Roman Numeral Converter

My coding education journey has been a bit, disjointed to say the least. I've stop started on freeCodeCamp, CS50, other tutorials, books, and just hanging out with smart people. I made it a goal to go back and get some of the certifications I bounced around on this year, and today solved the "Roman Numeral Converter" on freeCodeCamp. I'd love to know how others solved this. Because this was just the first idea I came up with and I'm sure there are many other ways to get it done!

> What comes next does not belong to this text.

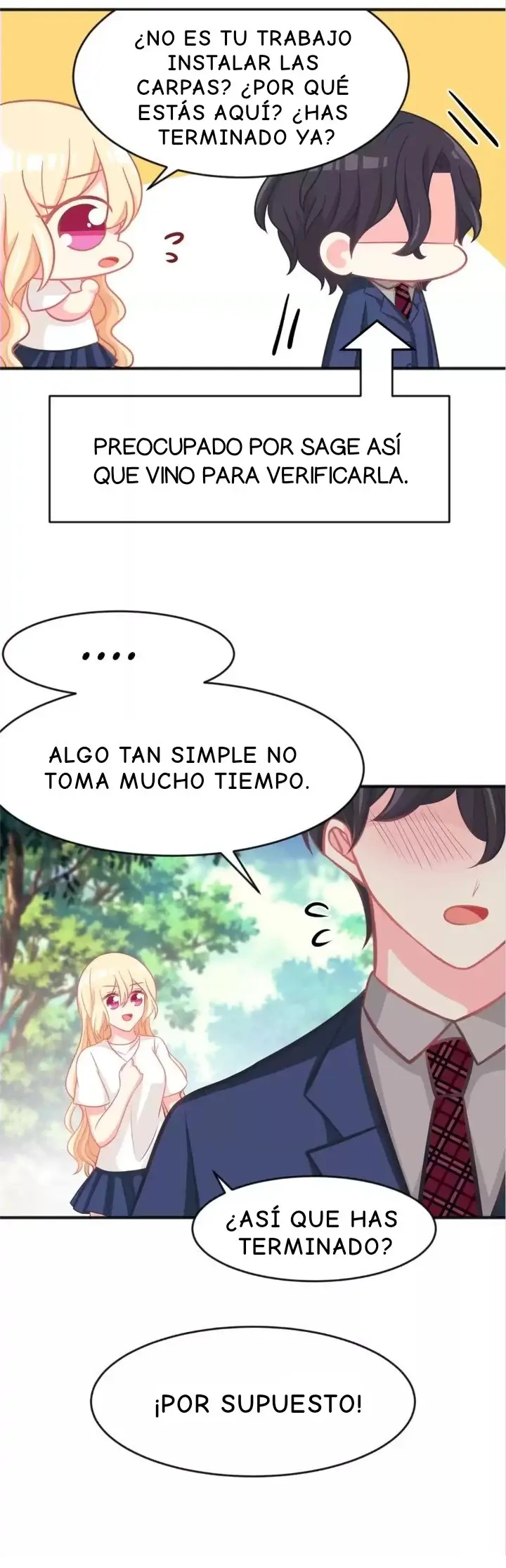 postre exclusivo de ceo de incubus (2019) - Capítulo 55 - Página 20 - LectorTMOo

What are the pros and cons of your solution?

Here's mine:

Comments

[Dian Fay]

The last code test I took for an interview involved writing a calculator in Java:

    public Abacus() {
        numerals = new LinkedHashMap<String, Integer>();

        numerals.put("M", 1000);
        numerals.put("D", 500);
        numerals.put("C", 100);
        numerals.put("L", 50);
        numerals.put("X", 10);
        numerals.put("V", 5);
        numerals.put("I", 1);
    }

    /**
     * Find the appropriate divisor for a value, which, in the equation
     * (val - val / divisor) will resolve to the threshold at or above which
     * a subtractive maneuver is necessary to convert to Roman numerals.
     */
    private int getDivisor(int value) {
        while (value > 10) {
            value = value / 10;
        }

        return value;
    }

    public String convert(int arabic) {
        StringBuilder sb = new StringBuilder();

        // preserve a pointer to the last subtractable numeral
        Map.Entry<String, Integer> lastEntry = null;    

        for (Map.Entry<String, Integer> e : numerals.entrySet()) {
            if (lastEntry != null) {
                if (arabic >= 4 * e.getValue()) {
                    // we have a valid subtraction!
                    sb.append(e.getKey());
                    sb.append(lastEntry.getKey());

                    arabic -= (lastEntry.getValue() - e.getValue());
                } else {
                    // e isn't small enough for us to have a valid subtraction
                    // yet, keep going
                    continue;
                }
            }

            // basic additive calculation: as long as the number is bigger than
            // e, keep appending e
            while (arabic >= e.getValue()) {
                sb.append(e.getKey());

                arabic -= e.getValue();
            }

            if (arabic >= e.getValue() - (e.getValue() / getDivisor(e.getValue()))) {
                // the remaining number is close enough to e that we will need
                // to perform a subtractive maneuver with reversed numerals
                lastEntry = e;
            }
        }

        return sb.toString();
    }

pro:

• the mapping only includes each Roman digit once
• the algorithm is aesthetically pleasing (even if Java isn't the kindest to it)

con:

• the algorithm is extremely complicated and the simpler mapping is absolutely not worth it
• although it satisfied the battery of unit tests I was given, one of the interviewers had run an extra on it that demonstrated a bug. We all had fun picking it apart, but I don't recall what the exact problem is.

[Andy Pickle]

Whew man, I don’t know Java at all, so this looks really complicated to me.

[Dian Fay]

The way it works is by subtracting until you can add based only on the one-to-one mapping in descending order. So if you're trying to convert 1990, it goes like this:

1. 1990, evaluate M (1000); 1990 > 1000 so we have an M, leaving 990 for the next iteration
2. 990 is less than 1000 so MM is wrong, but it's more than 900 (1000 - (1000 / 10)), so we set the lastEntry pointer to M and proceed
3. Now we're evaluating C (100), but lastEntry is set. 990 > 900 which is CM, giving us MCM so far and leaving 90. I think this is where the bug is but it works in this case :)
4. 90 > (100 - (100 / 10)) so lastEntry is now C
5. Evaluate L (50); lastEntry is set, but the calculation to test whether L can be subtracted fails, so we proceed
6. Evaluate X (10): the subtraction test succeeds, so 90 becomes XC and the full result is MCMXC.

[Andy Pickle]

Nice that’s such a cool way of thinking about it!

[ItsASine (Kayla)]

function solution(number){
  // todo: solve without defining middle values :(
  var translations = {
    'M': 1000,
    'CM': 900,
    'D': 500,
    'CD': 400,
    'C': 100,
    'XC': 90,
    'L': 50,
    'XL': 40,
    'X': 10,
    'IX': 9,
    'V': 5,
    'IV': 4,
    'I': 1
  };
  var answer = '';
  var value = 0;
  var thisPower = 0;

  Object.keys(translations).forEach(function(letter, index, array) {
    thisPower = translations[letter];
    value = Math.floor(number / thisPower);

    number -= value * thisPower;
    answer += letter.repeat(value);
  });

  return answer;
}

Mine works... but I every time I tried doing something clever to not have to define 900, 400, 90, 40, and 9, it wouldn't work on 4, so I gave up on that. I really liked the .repeat so I didn't have to define multiples, though.